(TASK DETAILS):
Copy all the lines below without altering anything.

Collected data entries
★ ★ ★ ★

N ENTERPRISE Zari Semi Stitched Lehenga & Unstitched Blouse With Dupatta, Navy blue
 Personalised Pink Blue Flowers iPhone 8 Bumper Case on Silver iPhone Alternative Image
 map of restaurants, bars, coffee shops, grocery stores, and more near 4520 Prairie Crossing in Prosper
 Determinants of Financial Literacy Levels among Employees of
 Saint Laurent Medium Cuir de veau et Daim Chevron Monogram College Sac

★ ★ ★ ★

(SOLUTION FOR THIS PROBLEM):
N ENTERPRISE Zari Semi Stitched Lehenga & Unstitched Blouse With Dupatta, Navy blue
 Personalised Pink Blue Flowers iPhone 8 Bumper Case on Silver iPhone Alternative Image
 map of restaurants, bars, coffee shops, grocery stores, and more near 4520 Prairie Crossing in Prosper
 Determinants of Financial Literacy Levels among Employees of
 Saint Laurent Medium Cuir de veau et Daim Chevron Monogram College Sac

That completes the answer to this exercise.